Una vez ocurrido el desastre, ahí sí se activan todos los mecanismos previsibles y así van, unos detrás de otros, Defensa Civil, los bomberos, los municipios, las ONG, a hacer lo suyo, generalmente con profesionalismo.
Allí, al menos, se pone en juego una red de solidaridad; “víctimas” y espectadores fortuitos de la catástrofe se unen para poner lo mejor de nosotros. Lamentablemente, siempre es en el después, cuando las casas ya están inundadas, las acequias y cauces desbordados, la producción destruida.

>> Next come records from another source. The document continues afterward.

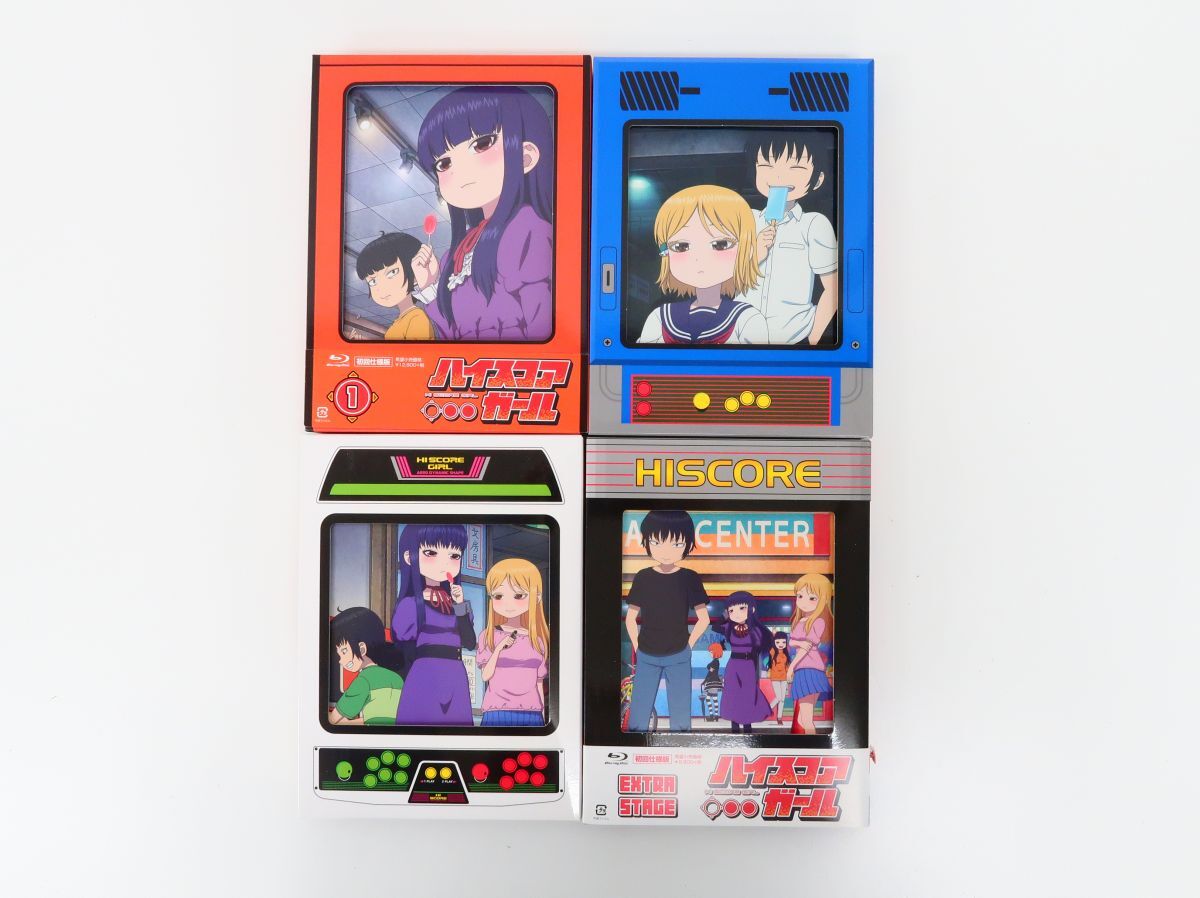 ハイスコアガール STAGE 1から3とEXTRA STAGE 初回仕様版 Blu-ray全4巻セット
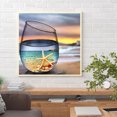 thumbnail image 3 of Cuadros Decorativos 5D DIY Diamond Painting Kits Full Round Drill Sunset and Cup Mosaic Picture Arts Likrtyny embutido en tela, 3 of 9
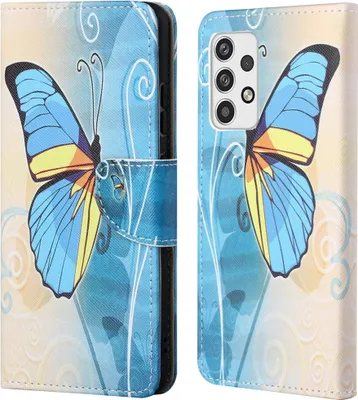 Produktbild von Samsung Galaxy A23 Hülle - Coverup Klapphülle - Blauer Schmetterling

No hay que ser científico, master en Ecología o miembro de Greenpeace para saber que si se arrojan botellas de plástico o cualquier otro elemento a los cauces, en algún momento estos van a colapsar.
Ni hablar si las típicas lluvias de febrero vienen más generosas que de costumbre (“por su dimensión, la tormenta del 23 tuvo características excepcionales”, reconoció el director de Contingencias Climáticas). Como también es de esperar que un modesto techo de cañas y nylon construido a la ligera no sea garantía de soportar el menor embate de una lluvia furiosa o un violento Zonda.

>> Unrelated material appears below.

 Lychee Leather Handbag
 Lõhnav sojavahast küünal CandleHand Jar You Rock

Los daños totales registrados en los cultivos de Lavalle y del 60 por ciento en los de San Rafael activaron la casi inmediata declaración de emergencia por parte del Gobierno, acción que tuvo como correlato el aporte -en materiales y alimentos- de las distintas comunas, aún en aquellos puntos donde el fenómeno meteorológico no fue tan contundente como en el Norte y el Sur de la provincia.
Pero la sensación que queda es que, si bien es imposible ponerle freno a la naturaleza cuando se sale de madre, al menos se podría -se puede- atemperar los efectos negativos.
¿Cómo? Otra vez, no hay que ser clarividente: impulsando una política de viviendas que vaya reemplazando las casas precarias, trocando villas por barrios sólidos y dignos; realizando fuertes campañas de concientización para evitar que se arrojen plásticos a los cauces e imponiendo fuertes multas a los infractores; otorgando créditos blandos para la adquisición de malla antigranizo; haciendo desde las comunas un control del arbolado público para detectar los ejemplares dañados y factibles de caer ante el primer viento; llevando por tierra buena parte del cableado eléctrico.
Estas verdades de Perogrullo, no obstante, por lo general no están en la agenda de las comunas. Los comités de emergencia que se crean ad hoc no estaría nada mal que mutaran en comités de prevención para que alguna vez vayamos un paso delante de ese día negro que de tanto en tanto toda sociedad padece.
La tragedia de Cromañón, en la que murieron 194 jóvenes, suele ser un caso testigo para ejemplificar que no hay forma de evitar una tragedia cuando todo se hizo mal. Desde entonces, la mayoría de los argentinos queremos creer que aprendimos esa lección. Si no, seguiremos cosechando nuestra (peligrosa) siembra.